Records from a collection

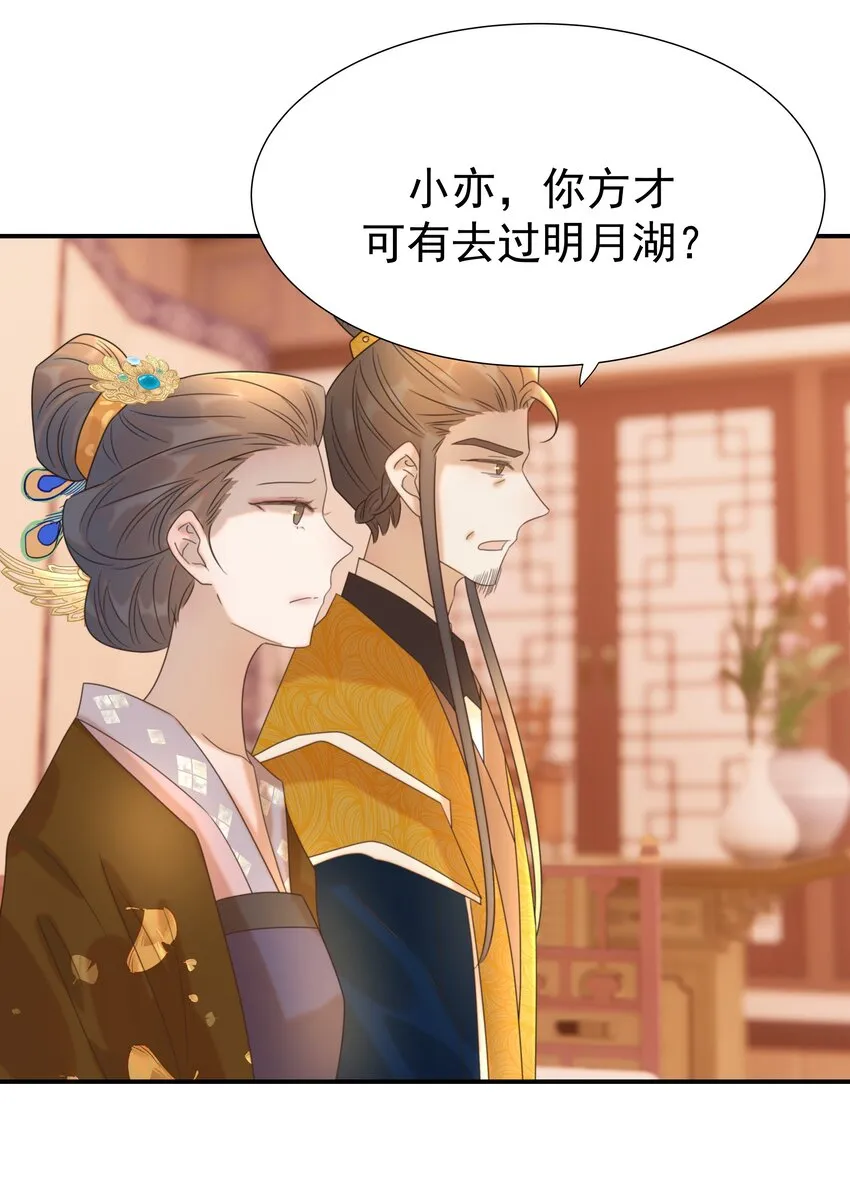 071 铁证如山 第24页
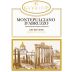Cantina Gabriele Montepulciano d'Abruzzo (OU Kosher) 2020 Front Label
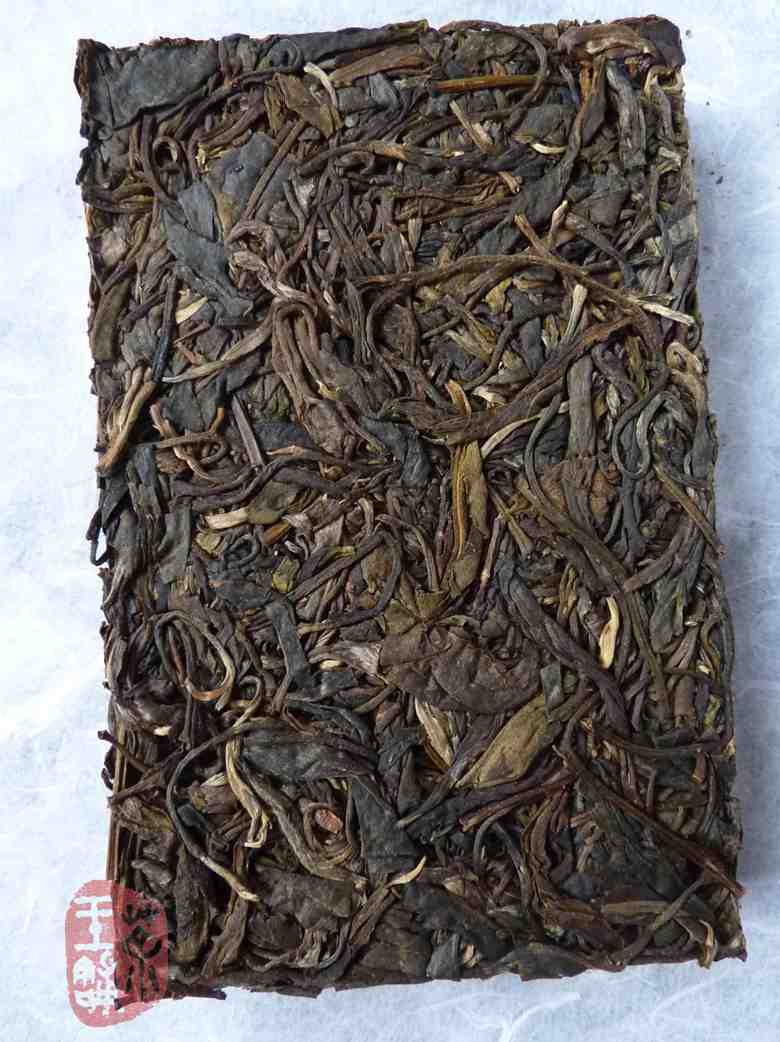 2007 Yiwu Zheng Shan “Gu Hua” Zhuang Cha 250g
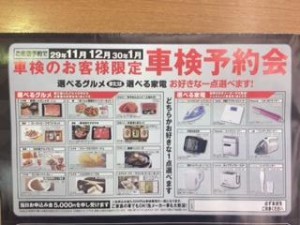予約会
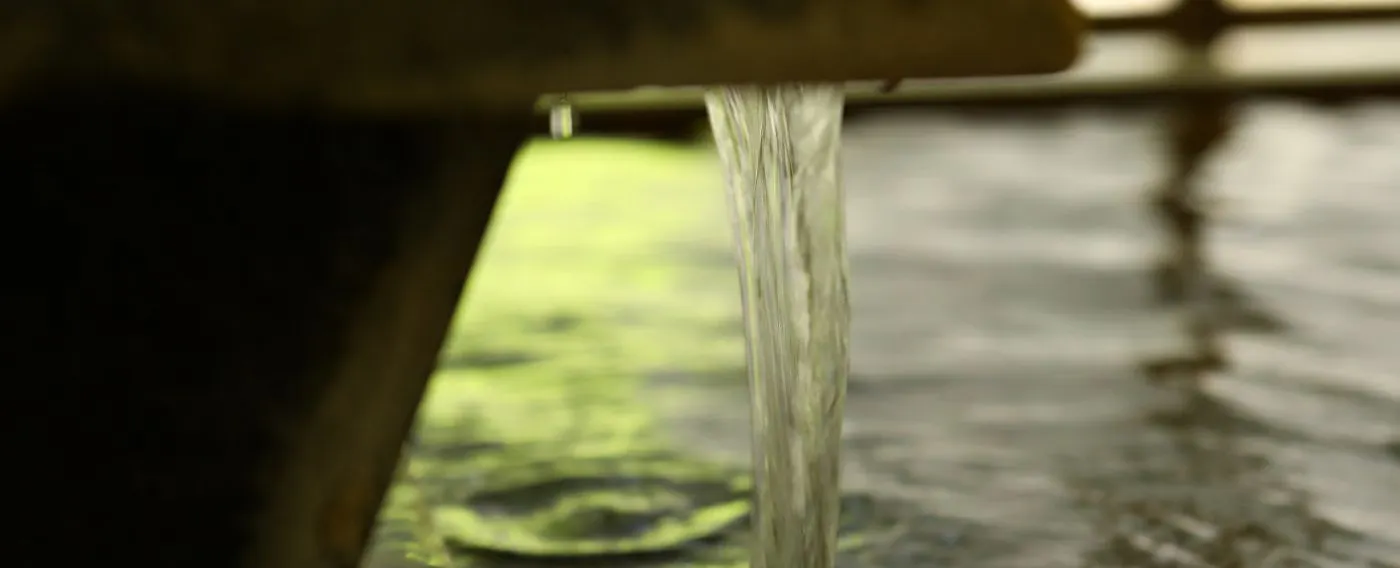 น้ำพุร้อน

# Task goal:
Every record should come back exactly as it is, though none of the pictures should.

# Your solution:
 071 铁证如山 第24页
Cantina Gabriele Montepulciano d'Abruzzo (OU Kosher) 2020 Front Label
 2007 Yiwu Zheng Shan “Gu Hua” Zhuang Cha 250g
予約会
 น้ำพุร้อน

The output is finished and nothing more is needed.